Will have more details tomorrow AM........


----------



## hvactech126 (Nov 11, 2010)

YOU DONT JUMPEROUT ANY LIMIT! IT IS A SAFETY DEVICE. He is making himself liable if the unit overheats causes property damage or death. she should call the company and ask them about their policy of bypassing safety devices on furnaces and also call the BBB.


----------



## Marty S. (Oct 31, 2009)

AMEN! That limit failed because the furnace overheated so many times. Now it's going to overheat with no safety to shut the furnace off. Call up your sister and tell her to shut the furnace off and put up with being cold one more night.


----------



## beenthere (Oct 11, 2008)

As above. That limit switch would not have failed open, if there was no reason for it to be open.

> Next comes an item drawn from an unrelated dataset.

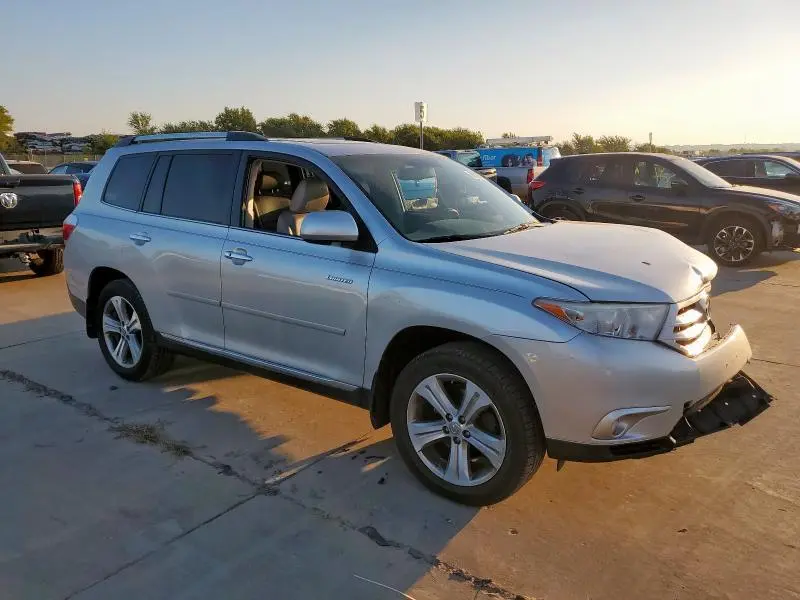 2011 TOYOTA HIGHLANDER LIMITED  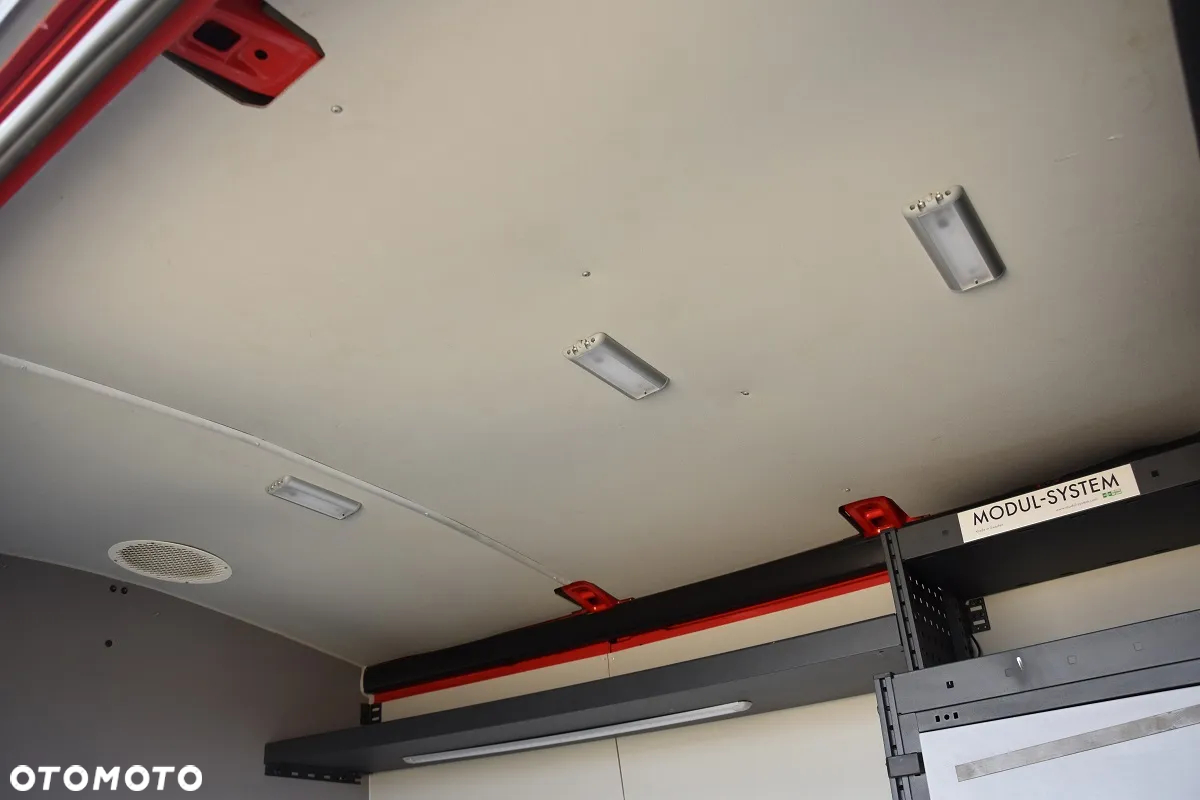 Ford TRANSIT 350 L3H2 LIFT PO DUŻYM SERWISIE W ASO - 15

Now your sis has a furnace running that is over heating, and could cause injury to her and her family.


----------



## JulesB (Jan 19, 2011)

Comments much appreciated. It didn't sit well with me either. Amazing, as this is a larger, reputable local company, with no infractions listed with the BBB. My sister is quit anal when hiring strangers, and did the research previous to hiring them.

I did get more of the story. Seems her husband (bless his heart) hadn't been changing the filter. When I spoke to her yesterday, I guess he'd just changed it. I had her go find the old one. Let's just say, they have a lot of cats.....

Anyway, the dirty filter collaborates with what the technician came up with.......a bad limit switch due to restricted air flow.

Thanks again for the comments and concerns.
Regards,
Jules


----------